I think we need to plan now for a serious effort to get agriculture back into balance with the environment. I am not arguing for everything to be produced organically because it is not yet possible to grow every crop by organic methods and still succeed in feeding the planet. It is, however, completely possible to start changing the way we produce and consume to ensure that it matches the seasons better and make sure that much larger amounts of UK food production is done by planting smaller areas of a greater variety of crops in any one farm and using a lot more crop rotation. Internationally it is also thoroughly possible to move away from giant industrial palm oil plantations or idiotic schemes to mass produce biofuel. Forrests that have been cut down to grow these damaging crops can be turned into varied orchards containing a mixture of highly productive nut and fruit trees and generate more income and more security for countries with a high level of dependence on agricultural production. This kind of agriculture won't replace the rain forest but it will protect the soil and provide a much wider variety of habitats for wildlife.
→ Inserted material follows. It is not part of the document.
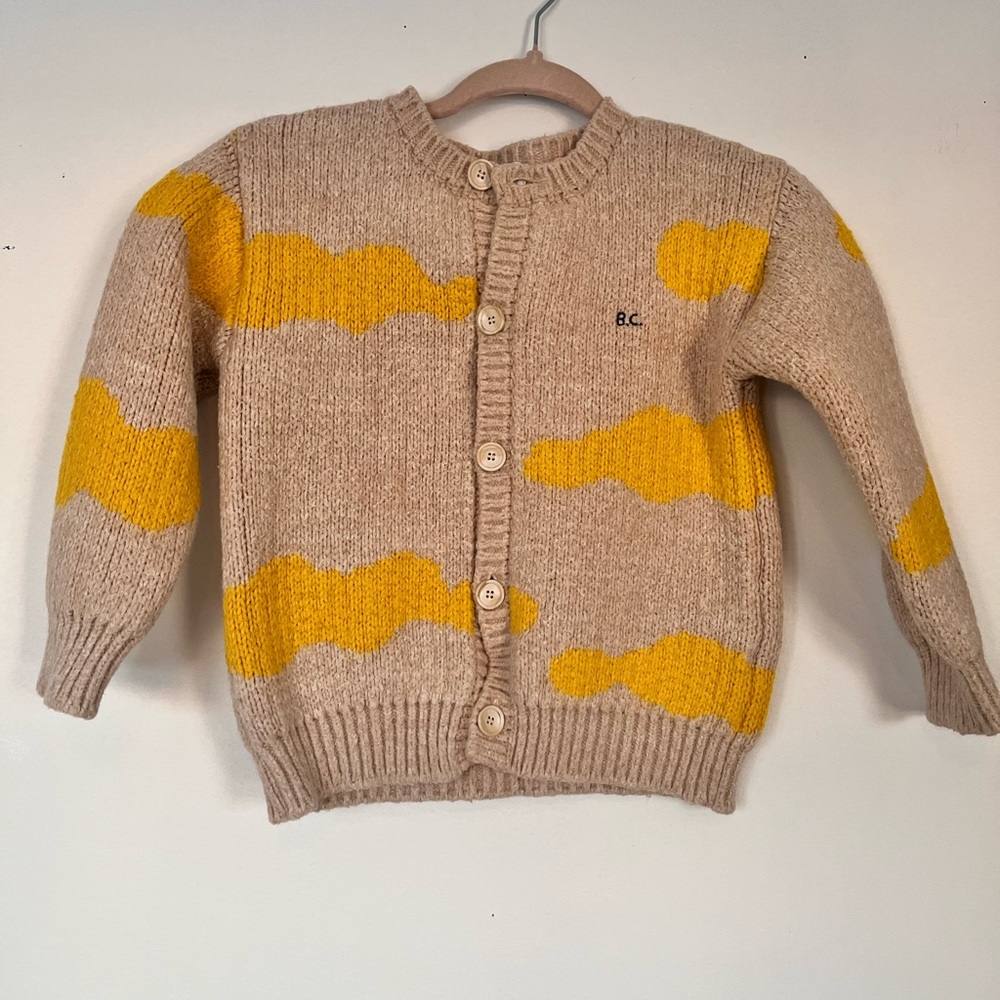 Bobo Choses Kids Beige and Yellow Knit Cardigan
We therefore need to redirect any UK aid money so that it only helps foster sustainable long term agricultural methods. At home we need to do exactly the same with agricultural subsidies. If the UK has to be out of the EU then we need to make sure that we radically redirect taxpayers' money into smaller farms to help them adapt to more sustainable ways of producing food. If we remain in the organisation then we need to see EU farming subsidies moved away from giving free money to wealthy landowners to mass produce chemical soaked crops. A lot of land in the UK can't be farmed without subsidies from the taxpayer. The public therefore has a right to ask that its taxes are only used to pay for looking after land properly and not wasted on gifts to very large landowners. We need to be paying for improved practices and sustainable approaches and gradually moving away from high risk energy negative farming.
The risks generated by highly vulnerable large scale agriculture are going to be one of the key challenges of the next few decades. I believe that they represent an even bigger challenge than climate change. Most people have at least heard about that challenge and understand something of what needs to be done. Very few people have even begun to worry about the full extent of the risks associated with industrial agriculture. It is time we started to become more aware of those risks and to change UK farming policies to start to tackle them.